Die Rollen im Drachenkampf sind begehrt. Mindestens 30 bewerben sich auf einen Platz. Ohne einen Paten als Fürsprecher hat man keine Chance.

Olivier Crépin trägt als Homme Blanc, als weißer Mann eine Pfote des schweren Drachens. „Mit sechs wollte ich mitmachen, mit 18 durfte ich mich endlich bewerben und nun bin ich 15 Jahre dabei“, erzählt der Muskelprotz mit den masskrugdicken Oberarmen. Drei Mal die Woche trainiert Crépin, Leiter eines Supermarkts, im Fitnessstudio. Dazu kommen die Proben.

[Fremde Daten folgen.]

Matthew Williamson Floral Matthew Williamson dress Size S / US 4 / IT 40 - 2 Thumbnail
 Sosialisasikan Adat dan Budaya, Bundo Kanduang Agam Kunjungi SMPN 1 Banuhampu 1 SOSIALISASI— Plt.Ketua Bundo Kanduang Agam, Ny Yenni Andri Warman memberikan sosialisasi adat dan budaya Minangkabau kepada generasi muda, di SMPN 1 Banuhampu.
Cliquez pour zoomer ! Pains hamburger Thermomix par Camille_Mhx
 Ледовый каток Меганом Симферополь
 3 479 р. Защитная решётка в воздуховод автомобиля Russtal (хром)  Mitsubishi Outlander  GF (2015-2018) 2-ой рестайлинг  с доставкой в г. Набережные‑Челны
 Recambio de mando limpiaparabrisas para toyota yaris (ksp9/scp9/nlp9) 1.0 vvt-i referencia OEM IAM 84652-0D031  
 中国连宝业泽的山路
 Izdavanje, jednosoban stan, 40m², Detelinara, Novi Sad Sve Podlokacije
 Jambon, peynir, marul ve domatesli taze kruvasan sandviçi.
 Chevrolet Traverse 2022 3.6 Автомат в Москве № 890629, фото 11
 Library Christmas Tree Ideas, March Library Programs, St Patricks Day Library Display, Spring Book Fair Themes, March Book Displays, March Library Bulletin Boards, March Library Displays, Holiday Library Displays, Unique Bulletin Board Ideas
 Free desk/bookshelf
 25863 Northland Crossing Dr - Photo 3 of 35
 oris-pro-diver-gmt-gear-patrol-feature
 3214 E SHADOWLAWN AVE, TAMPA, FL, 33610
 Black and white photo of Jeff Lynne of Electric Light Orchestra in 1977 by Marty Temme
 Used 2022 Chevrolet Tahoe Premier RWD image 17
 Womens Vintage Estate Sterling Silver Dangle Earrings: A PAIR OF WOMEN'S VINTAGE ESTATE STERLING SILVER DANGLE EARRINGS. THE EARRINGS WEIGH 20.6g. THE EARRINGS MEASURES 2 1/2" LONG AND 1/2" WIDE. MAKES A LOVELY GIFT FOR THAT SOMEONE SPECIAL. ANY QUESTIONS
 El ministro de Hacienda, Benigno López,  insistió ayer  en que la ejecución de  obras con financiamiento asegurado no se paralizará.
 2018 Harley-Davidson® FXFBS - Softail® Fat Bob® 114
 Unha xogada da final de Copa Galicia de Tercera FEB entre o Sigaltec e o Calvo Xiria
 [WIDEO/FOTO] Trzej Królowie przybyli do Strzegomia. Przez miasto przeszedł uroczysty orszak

Für ihn ist das Stadtfest „Identität, Heimat, die Nähe zu Freunden und der Stolz auf unsere Stadt“. Manche „weinen, wenn sie nach 25 Jahren wegen der Altersgrenze nicht mehr mitmachen dürfen.“

„Eine Truhe voller, versteckter Schätze“, nennt Stadtführerin

Catherine Stilmant Mons mit seinen versteckten Stadtvillen reicher Bürger und Ordensschwestern. Rund um die Grande Place, den Marktplatz mit seinem gotischen Rathaus und den verzierten Fassaden aus fünf Jahrhunderten sind zahlreiche historische Häuser erhalten geblieben – jedes genau fünf Meter breit. 

 

Bis ins 18. Jahrhundert bemass sich die Steuer für die Besitzer nach der Breite des Gebäudes. So türmte man Stockwerk um Stockwerk auf schmale Fundamente. Innen führen schulterenge Holztreppen steil nach oben. Große Menschen müssen den Kopf einziehen, um sich nicht an den niedrigen Decken mit den dunklen Holzbalken zu stoßen. Draußen gehen sie dann wieder erhobenen Hauptes, die stolzen Montois.